2. Estime que la décision à venir du Conseil d’ouvrir des négociations d’adhésion, selon la recommandation de la Commission, devra appeler le pays candidat au respect intégral des critères d’adhésion généraux et spécifiques aux Balkans occidentaux à la date de son adhésion ;

3. Demande que la Commission se montre d’une rigueur absolue pour la mise en
œuvre effective des réformes en matière de justice et d’affaires intérieures et qu’en particulier, elle suive les recommandations de la Cour des comptes européenne ;

4. S’inquiète du risque de blocage d’un processus d’adhésions successives fondées sur les mérites de chaque pays candidat, en raison des contentieux bilatéraux opposant les pays issus de l’ex-Yougoslavie, et s’interroge sur la possibilité d’introduire dans les prochains traités d’adhésion une clause par laquelle le nouvel Etat membre s’engagerait à ne pas paralyser le processus d’élargissement des pays candidats de la région en raison d’un contentieux bilatéral sans lien avec ce processus ;

5. Souhaite qu’une réflexion soit engagée sur les garanties à prévoir pour que la fragmentation d’un Etat en Etats moins peuplés n’affaiblisse pas le système décisionnel de l'Union européenne après leur adhésion ni sa capacité d’intégration de nouveaux Etats membres.

1 () La composition de cette Commission figure au verso de la présente page.

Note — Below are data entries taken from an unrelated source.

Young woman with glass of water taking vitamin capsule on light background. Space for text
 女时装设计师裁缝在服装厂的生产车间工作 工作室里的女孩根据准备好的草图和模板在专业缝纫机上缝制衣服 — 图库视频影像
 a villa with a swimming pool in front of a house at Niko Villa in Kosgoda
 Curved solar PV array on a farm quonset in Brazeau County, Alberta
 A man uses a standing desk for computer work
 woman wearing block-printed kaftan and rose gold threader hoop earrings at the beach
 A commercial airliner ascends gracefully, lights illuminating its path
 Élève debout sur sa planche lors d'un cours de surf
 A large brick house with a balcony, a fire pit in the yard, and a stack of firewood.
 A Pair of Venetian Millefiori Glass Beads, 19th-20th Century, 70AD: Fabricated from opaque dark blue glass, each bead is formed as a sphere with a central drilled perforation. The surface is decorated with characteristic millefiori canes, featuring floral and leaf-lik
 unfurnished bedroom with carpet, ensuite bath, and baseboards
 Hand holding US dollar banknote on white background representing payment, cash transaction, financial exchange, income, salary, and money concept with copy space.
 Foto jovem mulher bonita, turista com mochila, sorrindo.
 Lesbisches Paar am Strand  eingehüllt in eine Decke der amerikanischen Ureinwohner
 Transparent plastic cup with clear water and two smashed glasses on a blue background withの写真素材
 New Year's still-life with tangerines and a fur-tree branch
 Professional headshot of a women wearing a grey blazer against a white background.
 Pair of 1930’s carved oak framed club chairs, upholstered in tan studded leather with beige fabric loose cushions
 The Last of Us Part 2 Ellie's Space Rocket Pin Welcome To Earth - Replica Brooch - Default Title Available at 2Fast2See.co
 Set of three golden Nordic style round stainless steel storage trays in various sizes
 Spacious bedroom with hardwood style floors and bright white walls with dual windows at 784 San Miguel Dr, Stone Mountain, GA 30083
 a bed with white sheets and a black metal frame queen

2 () Proposition de décision du Conseil et de la Commission concernant la position de la Communauté au sein du conseil de stabilisation et d'association sur le passage à la deuxième phase de l'association entre les Communautés européennes et leurs États membres, d'une part, et l'ancienne République yougoslave de Macédoine, d'autre part, conformément à l'article 5 de l'accord de stabilisation et d'association (COM (2009) 280 final/E 4842).